A note for the technically minded:
The quadratic fit to the sea-level curve can be written as:
SL(t) = a t^2 + b t + c, where t= time and a, b and c are constants.
The rate of rise is the time derivative:
rate(t) = 2a t + b.
Often 2a is called the acceleration. That is because when we are talking about acceleration, it is the rate of rise that is of prime interest. The question is: how does this rate of sea-level rise change over time? And not: how quadratic does the sea-level curve look? Hence the second, rate equation is the relevant one, and we call 2a and not a the acceleration in the quadratic case. 2a is the slope of the rate(t) curve.
Now the interesting thing is that in the example given above, you get a negative a when you fit a quadratic to the sea-level data in Fig. 2, but you get a positive a when you make a linear fit to the rate curve in Fig. 1. You’d probably find the latter more informative since it has to do with how the rate of rise has changed, which is the question of prime interest. But as argued above, for such a time evolution it is neither a good idea to fit sea level with a quadratic nor to fit the rate curve with a straight line – it’s a bad model that gives inconsistent results.
% script to produce idealised sea level curves
a = 1.42e-5; b = -0.0159; c=2;
rate= a* x.^3 + b*x + c;
slr = cumsum(rate); % integrate the rate to get sea level
% compute quadratic fit
p = polyfit(x,slr,2);
acceleration = 2 * p(1)
Church, J. A., and N. J. White (2006), A 20th century acceleration in global sea-level rise, Geophys. Res. Let., 33(1), L01602.
Church, J. A., and N. J. White (2011), Sea level rise from the late 19th to the early 21st Century, Surveys in Geophys., 32, 585-602.
Holgate, S. (2007), On the decadal rates of sea level change during the twentieth century, Geophys.
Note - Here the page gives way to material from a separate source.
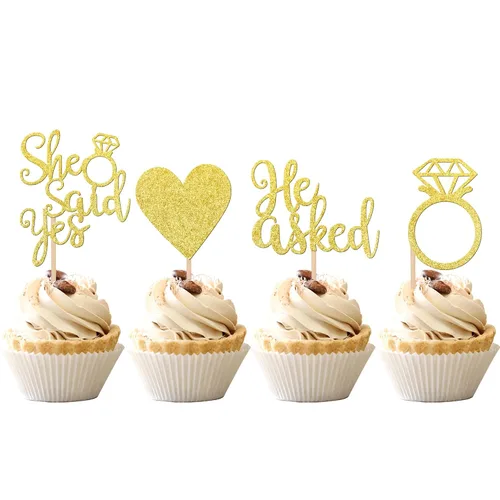 Vista 8 de 24 piezas de adornos para cupcakes con anillo de corazón con purpurina para despedida de soltera, boda, compromiso, despedida de soltera, despedida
Res. Let., 34, L01602.
Houston, J., and R. Dean (2011), Sea-level acceleration based on US tide gauges and extensions of previous global-gauge analysis, J. Coast. Res., 27(3), 409-417.
Rahmstorf, S. (2007), A semi-empirical approach to projecting future sea-level rise, Science, 315(5810), 368-370.
Rahmstorf, S., and M. Vermeer (2011), Discussion of: Houston, J.R. and Dean, R.G., 2011. Sea-Level Acceleration Based on U.S. Tide Gauges and Extensions of Previous Global-Gauge Analyses., J. Coast. Res., 27, 784–787.
Rahmstorf, S., M. Perrette, and M. Vermeer (2012), Testing the Robustness of Semi-Empirical Sea Level Projections, Clim. Dyn., 39(3-4), 861-875.
Wahl, T., J. Jensen, T. Frank, and I. Haigh (2011), Improved estimates of mean sea level changes in the German Bight over the last 166 years, Ocean Dyn., 61, 701-715.